The previous post was about Hannibal’s ethnicity, this one is about his language.

For the record, I love language–whether that means being wantonly pedantic or tracing words to their etymological origins. Let me do the latter now, to show that Hannibal was a Semite. Just to be clear: The word semitic, properly used, has a linguistic, not an ethnic, context (just as, say, Germanic or Anglo-Saxon are terms about language, not ethnicity.)

Hannibal’s clan name was Barca. Barca means ‘lightning’ (quite fitting, don’t you think?).
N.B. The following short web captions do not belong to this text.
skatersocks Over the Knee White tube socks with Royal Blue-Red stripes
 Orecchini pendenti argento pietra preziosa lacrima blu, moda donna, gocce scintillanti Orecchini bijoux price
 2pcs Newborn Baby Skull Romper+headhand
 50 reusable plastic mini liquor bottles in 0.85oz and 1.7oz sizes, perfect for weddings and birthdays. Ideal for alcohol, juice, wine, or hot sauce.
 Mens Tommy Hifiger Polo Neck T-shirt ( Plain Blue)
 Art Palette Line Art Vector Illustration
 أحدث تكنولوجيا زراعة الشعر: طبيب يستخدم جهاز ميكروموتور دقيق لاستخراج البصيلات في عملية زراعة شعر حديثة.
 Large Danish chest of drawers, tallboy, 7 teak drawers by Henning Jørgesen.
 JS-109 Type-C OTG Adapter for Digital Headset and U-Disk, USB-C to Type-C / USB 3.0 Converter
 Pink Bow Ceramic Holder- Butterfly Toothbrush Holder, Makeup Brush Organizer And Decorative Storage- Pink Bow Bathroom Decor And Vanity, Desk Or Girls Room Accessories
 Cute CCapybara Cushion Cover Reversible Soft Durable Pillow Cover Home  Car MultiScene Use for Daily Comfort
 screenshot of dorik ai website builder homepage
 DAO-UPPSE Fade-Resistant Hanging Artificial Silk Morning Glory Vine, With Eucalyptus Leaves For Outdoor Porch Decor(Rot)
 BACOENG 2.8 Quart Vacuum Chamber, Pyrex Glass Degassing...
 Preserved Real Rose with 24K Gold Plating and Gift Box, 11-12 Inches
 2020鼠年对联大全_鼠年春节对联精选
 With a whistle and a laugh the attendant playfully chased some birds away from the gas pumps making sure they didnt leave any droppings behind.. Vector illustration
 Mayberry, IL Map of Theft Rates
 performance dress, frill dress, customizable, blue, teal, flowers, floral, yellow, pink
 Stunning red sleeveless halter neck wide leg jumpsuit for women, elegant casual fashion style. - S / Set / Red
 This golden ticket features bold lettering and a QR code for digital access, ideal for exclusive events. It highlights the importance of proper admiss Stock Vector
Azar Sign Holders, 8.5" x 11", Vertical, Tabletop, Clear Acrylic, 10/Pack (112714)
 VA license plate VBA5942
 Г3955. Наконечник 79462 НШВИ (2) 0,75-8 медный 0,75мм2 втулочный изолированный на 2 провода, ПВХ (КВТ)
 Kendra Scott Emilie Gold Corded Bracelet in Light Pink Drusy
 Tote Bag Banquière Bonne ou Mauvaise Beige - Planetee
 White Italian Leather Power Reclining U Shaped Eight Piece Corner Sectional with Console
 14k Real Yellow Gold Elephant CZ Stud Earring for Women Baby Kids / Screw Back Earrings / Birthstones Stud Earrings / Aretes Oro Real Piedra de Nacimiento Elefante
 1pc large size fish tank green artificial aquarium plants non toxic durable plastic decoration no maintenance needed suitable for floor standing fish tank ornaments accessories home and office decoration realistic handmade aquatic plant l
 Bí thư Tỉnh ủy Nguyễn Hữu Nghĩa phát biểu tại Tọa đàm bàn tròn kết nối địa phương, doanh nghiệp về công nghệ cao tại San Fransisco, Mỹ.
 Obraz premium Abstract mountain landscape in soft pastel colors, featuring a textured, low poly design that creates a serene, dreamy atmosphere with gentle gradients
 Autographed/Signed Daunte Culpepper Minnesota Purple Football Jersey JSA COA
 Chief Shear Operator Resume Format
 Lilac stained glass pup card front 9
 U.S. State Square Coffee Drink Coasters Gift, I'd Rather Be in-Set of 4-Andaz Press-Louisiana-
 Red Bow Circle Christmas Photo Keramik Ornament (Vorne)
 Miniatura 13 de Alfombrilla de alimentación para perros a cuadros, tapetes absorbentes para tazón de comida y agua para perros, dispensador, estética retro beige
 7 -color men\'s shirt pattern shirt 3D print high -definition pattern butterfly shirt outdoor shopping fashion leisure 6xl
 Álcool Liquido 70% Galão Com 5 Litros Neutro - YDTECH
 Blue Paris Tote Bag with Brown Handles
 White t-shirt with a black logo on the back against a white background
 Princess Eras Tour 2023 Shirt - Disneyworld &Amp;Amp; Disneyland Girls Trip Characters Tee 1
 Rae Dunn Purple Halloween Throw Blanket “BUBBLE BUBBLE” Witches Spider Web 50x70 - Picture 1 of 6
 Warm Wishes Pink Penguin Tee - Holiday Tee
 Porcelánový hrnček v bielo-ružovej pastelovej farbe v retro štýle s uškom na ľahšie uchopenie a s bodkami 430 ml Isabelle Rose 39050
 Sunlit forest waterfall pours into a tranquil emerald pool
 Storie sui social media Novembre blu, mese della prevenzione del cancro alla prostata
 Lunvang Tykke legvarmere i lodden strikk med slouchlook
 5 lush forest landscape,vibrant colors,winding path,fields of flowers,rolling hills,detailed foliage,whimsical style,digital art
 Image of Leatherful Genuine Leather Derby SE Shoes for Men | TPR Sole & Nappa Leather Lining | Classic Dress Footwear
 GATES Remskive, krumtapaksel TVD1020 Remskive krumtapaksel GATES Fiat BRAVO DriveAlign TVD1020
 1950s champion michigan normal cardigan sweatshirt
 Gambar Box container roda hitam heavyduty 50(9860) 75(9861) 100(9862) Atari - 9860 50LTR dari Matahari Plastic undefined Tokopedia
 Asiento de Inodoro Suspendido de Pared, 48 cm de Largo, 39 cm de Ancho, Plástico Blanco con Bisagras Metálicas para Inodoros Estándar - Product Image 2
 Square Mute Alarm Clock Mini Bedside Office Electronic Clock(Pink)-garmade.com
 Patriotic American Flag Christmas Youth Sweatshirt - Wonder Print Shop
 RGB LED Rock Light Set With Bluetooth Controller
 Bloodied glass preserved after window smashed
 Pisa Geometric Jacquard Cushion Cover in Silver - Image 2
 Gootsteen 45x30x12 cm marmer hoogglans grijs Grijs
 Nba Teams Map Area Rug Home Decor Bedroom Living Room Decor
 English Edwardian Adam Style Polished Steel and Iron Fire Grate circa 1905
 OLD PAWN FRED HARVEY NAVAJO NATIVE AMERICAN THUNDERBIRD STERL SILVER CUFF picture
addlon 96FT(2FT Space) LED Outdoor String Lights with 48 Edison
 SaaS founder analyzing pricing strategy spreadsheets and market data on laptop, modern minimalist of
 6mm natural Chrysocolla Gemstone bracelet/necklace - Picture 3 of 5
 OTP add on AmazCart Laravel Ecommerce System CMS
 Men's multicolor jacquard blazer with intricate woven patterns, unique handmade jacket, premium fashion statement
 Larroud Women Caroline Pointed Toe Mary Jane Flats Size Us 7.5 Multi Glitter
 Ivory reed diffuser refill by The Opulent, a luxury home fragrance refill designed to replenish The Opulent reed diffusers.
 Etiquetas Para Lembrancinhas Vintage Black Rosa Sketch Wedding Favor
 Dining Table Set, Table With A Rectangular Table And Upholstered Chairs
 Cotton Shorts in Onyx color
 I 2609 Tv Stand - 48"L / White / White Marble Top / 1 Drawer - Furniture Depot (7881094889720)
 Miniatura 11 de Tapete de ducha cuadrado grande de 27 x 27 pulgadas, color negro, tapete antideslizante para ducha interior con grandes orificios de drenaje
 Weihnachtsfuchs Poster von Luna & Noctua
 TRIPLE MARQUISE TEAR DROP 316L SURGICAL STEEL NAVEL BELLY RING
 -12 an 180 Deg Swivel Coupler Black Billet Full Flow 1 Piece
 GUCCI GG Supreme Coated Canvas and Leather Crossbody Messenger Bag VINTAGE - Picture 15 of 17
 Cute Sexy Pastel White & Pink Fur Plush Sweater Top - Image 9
Barca also tells us about the Punic language.

For explanation, I asked Rutie Adler, a scholar and the coordinator of the Hebrew Language Program in the Department of Near Eastern Studies at UC Berkeley.

Punic (the Roman world for Phoenician), she said, is a Northwest-Semitic language, and thus closely related to Hebrew and somewhat more distantly related to Arabic. A good family tree is here.

Thus the Punic word for lightning, Barca, is essentially the Hebrew word Barak (as in Ehud Barak, former prime minister of Israel, but not as in Barack Obama).

It is also the Arab word Buraq, which happens to be the name of the winged horse that carried Muhammad from Mecca to Jerusalem and back during his night journey.

Cool, isn’t it?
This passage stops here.